EUR/USD has been advancing on high hopes for a US fiscal deal after falling by 1.82% in September, confirming its biggest single-month percentage decline since July 2019. A potential deadlock in talks, fears of a contested election and rising US cases may come to haunt the pair, FXStreet’s analyst Yohay Elam briefs.
“One last chance – US Treasury Secretary Steven Mnuchin has given himself and House Speaker Nancy Pelosi another go at reaching a deal on a new relief package, and both are reporting progress. Optimism from Capitol Hill is boosting markets and pushing the safe-haven dollar lower. Investors are content with President Donald Trump’s signing of a stopgap measure to prevent a government shutdown. A potential breakdown of talks could bring stocks down and the dollar back up.”
“Another risk comes from Trump – the president refused to commit to accepting the election results in his presidential debate with rival Joe Biden.

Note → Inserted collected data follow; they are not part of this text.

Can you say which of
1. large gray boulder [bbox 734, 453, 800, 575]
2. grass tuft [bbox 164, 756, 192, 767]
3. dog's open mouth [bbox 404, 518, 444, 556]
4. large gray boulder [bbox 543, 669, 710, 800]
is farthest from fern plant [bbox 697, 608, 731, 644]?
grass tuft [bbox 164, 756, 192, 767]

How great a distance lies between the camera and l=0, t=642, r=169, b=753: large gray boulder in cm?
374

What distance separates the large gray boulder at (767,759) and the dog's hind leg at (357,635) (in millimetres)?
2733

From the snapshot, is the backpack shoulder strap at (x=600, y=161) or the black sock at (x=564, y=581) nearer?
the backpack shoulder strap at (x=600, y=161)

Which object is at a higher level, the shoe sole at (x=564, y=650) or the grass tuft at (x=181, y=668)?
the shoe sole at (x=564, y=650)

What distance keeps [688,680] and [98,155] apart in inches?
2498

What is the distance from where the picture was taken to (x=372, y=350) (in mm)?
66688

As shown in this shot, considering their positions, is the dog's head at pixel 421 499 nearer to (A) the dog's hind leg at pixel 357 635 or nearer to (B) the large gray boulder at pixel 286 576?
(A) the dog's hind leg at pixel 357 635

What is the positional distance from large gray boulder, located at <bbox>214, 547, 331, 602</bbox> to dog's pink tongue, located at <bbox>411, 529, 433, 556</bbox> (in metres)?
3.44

Opinion polls following the chaotic clash show the challenger may strengthen his lead in the polls. While markets prefer certainty – a clear winner – they are still concerned that the president would refuse to step down in an extreme scenario.”
“A third factor to consider is the ongoing increase in European COVID-19 cases. While deaths from the disease are still low in comparison to the US, fears of a devastating winter may weigh on the euro.”
“In the immediate term, investors will be watching data. ADP’s jobs report showed an increase of 749,000 private-sector positions, better than had been expected. Another hint toward Friday’s Non-Farm Payrolls comes from the ISM Manufacturing Purchasing Managers’ Index. While the headline is projected to edge higher, hiring is forecast to remain depressed in America’s industrial sector.”